AmazonS3FullAccess policy

{
  "Version": "2012-10-17",
  "Statement": [
    {
      "Effect": "Allow",
      "Action": "s3:*",
      "Resource": "*"
    }
  ]
}

1 Answer 1

3

I kept digging around and found that Amazon recommends to use multipart uploads for all files over 100M (http://docs.aws.amazon.com/AmazonS3/latest/dev/uploadobjusingmpu.html), which I guess what cyberduck is done.

All I had to do in the end is to add missing permissions (ListMultipartUploadParts and ListBucketMultipartUploads) to enable the multipart uploads.
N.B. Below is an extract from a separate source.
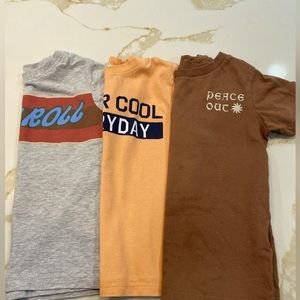 Set of 3 T-Shirts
Now my policy looks like this

{
    "Version": "2012-10-17",
    "Statement": [
        {
            "Effect": "Allow",
            "Action": [
                "s3:ListMultipartUploadParts"
            ],
            "Resource": "arn:aws:s3:::*"
        },
        {
            "Effect": "Allow",
            "Action": [
                "s3:ListBucket",
                "s3:GetBucketLocation",
                "s3:ListMultipartUploadParts",
                "s3:ListBucketMultipartUploads"
            ],
            "Resource": "arn:aws:s3:::photoshoot2016"
        },
        {
            "Effect": "Allow",
            "Action": [
                "s3:PutObject",
                "s3:GetObject",
                "s3:DeleteObject"
            ],
            "Resource": "arn:aws:s3:::photoshoot2016/*"
        }
    ]
}

I found the main clue by enabling bucket logging which which had a lot of "AccessDenied 243" errors for REST.GET.UPLOADS. Amazon's Policy Simulator came very useful as well to figure out what was missing and where it should be placed.